HERALD-LEADER is controlled by a consortium/methodology operating under a theory known as Kinetic Energy Enervating Legitimate Intelligence in News-mongering Government (known for short by its acronym, KEELING), notwithstanding the fact that the theory is the mother of all oxymorons, since energy used to enervate amounts to the same as beating one’s head against the wall in order to pound intelligence into it (the head, that is), whether for news-mongering or anything else. The resident writer of articles for the op-ed page at the HERALD-LEADER is Boy Columnist (BC), who is actually known, coincidentally, by his nickname, Keeling.
Boy Columnist always refers to the state’s leading executive as Boy Governor (BG), and describes him as a non-factotum heading an administration referred to by BC as the Kiddie Korps (KK). BC, in turn, is part of the editorial consortium at the HERALD-LEADER known as the Giddy Gang (GG). Since this section of the paper is and has been run for a long time by ladies, some wags chauvinistically call this group the Girlie Gaggle, but no one who is politically correct and in his right mind would stoop to such a thing, except that maybe California Governor Arnold Schwarzeneggar might do so. The HERALD-LEADER’s publisher is male and the op-ed elitist columnist is male, so it’s only fair that the op-ed department belong to distaff staff.
Boy Columnist is a politically sensitive writer who is known for his ability to spot shady shenanigans, especially those having to do with merit-system abuse in government. He gained his nose for noticing nattering nabobs nominating non-entitlementists (okay, not a word, but get the picture) to jobs by simply observing democrats do this evil thing to republicans and especially to each other over a long period.
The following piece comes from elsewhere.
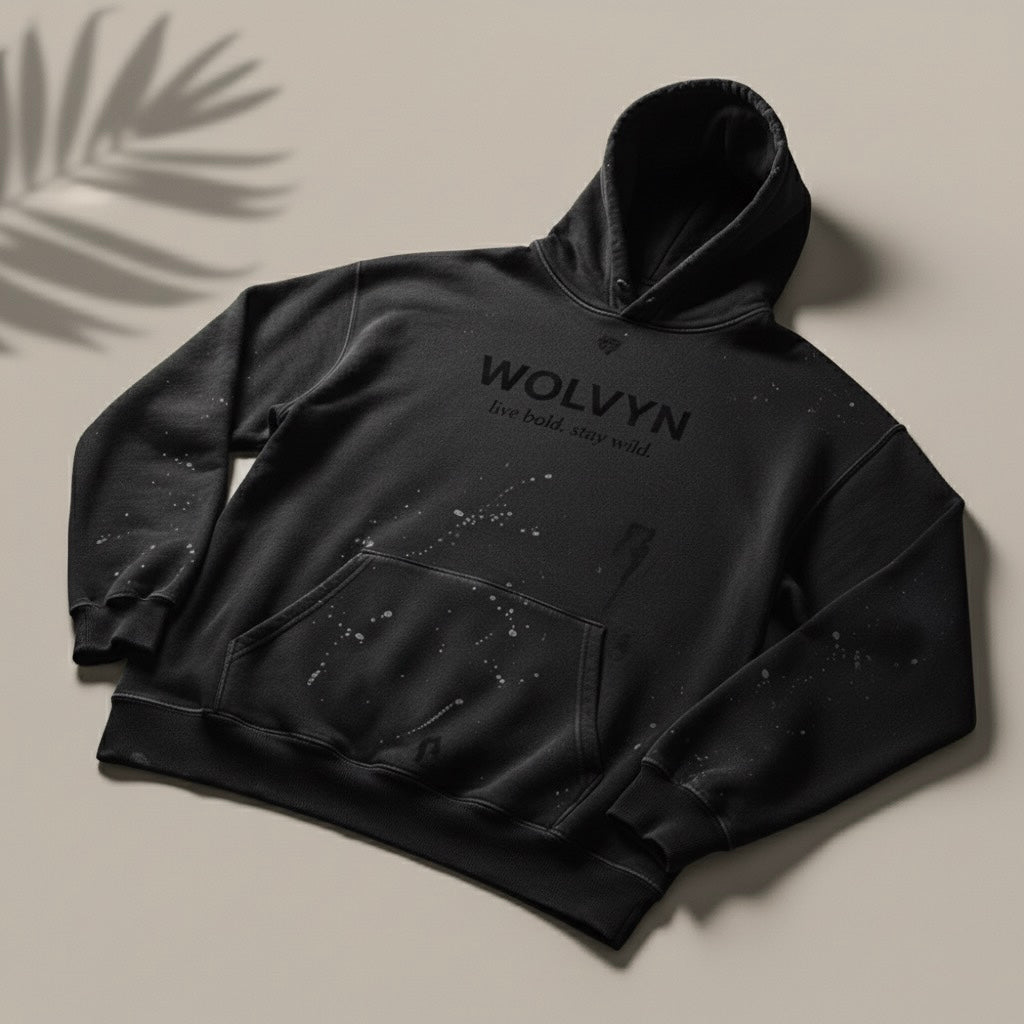 Wolvyn Vintage Washed Frayed Fleece Hoodie - Wolvyn Apparel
Thus, he has launched a vicious campaign against BG and KK in behalf of BC and GG, not to mention the publisher, using the good auspices of the HERALD-LEADER to focus attention on alleged republican illegalities in hiring republicans instead of democrats and maybe a couple or three Green Peaceniks and Nader’s Raiders. Unfortunately, he has used the theory of KEELING in the process, and politically astute commentators have snickered in print and over the airwaves. Some have wondered at his mental state, since he admitted in a column of June 5 to being at one time possibly befuddled and confounded by his inhaling (accidental or otherwise) of lawnmower exhaust fumes. Since his lawn must be mowed regularly in Lexington, there may be something to the notion of Post-Traumatic-Lawnmower-Syndrome. If so, more’s the pity.
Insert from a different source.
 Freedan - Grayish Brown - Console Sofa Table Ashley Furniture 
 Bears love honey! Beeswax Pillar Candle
Another example in the HERALD-LEADER of PTLS/KEELING-think appeared in the editorial of June 5. The writer made much of the fact that 12.7% of Kentucky families existed below the poverty level in 2000. At that time only democrat administrations had ruled the state for some 30 years. However, in 2003 the number living below the poverty level was 14.3%, a decline of another 13% in just three more years of a democrat administration. Since the HERALD-LEADER is a virtual propaganda machine for the democrats, this little-known fact was not mentioned, but the editorialist(s), using KEELING-think apparently, figured no one would notice this further failure.
Likewise, the editorialist(s) mentioned that in 2000 there was a graduate rate of only 74.1% or higher (whatever that means) among resident hillbillies. In 2002, the public high school graduation rate was 64.9%, which…yeah, KEELING-think again. If that means anything, it mostly means the pork-barrel Kentucky Education Reform Act of 1990, passed by a democratic legislature and signed by a democratic governor, is a total bust, notwithstanding that much, if not most, of the Act has been rescinded. Only 1.33 generations of students have been harmed, but at the current rate – unless the school-based councils are disbanded – more disaster will be on line by the target year of perfection, 2015, when every student is supposed to be an “A” student with unrelentingly high self-esteem.
Using the Headquarters for Enabling Riotous And Laughable Demagoguery and the Laboratory for Excitement And Delirium Energizing Reporting, BC and GG are protecting the public from republican evils perpetrated by BG and KK, so no one should have trouble sleeping at night. It is to be hoped that BC will perform a similar act of public protection by warning lawnmower users to be careful…maybe even go electric or hand-scythe.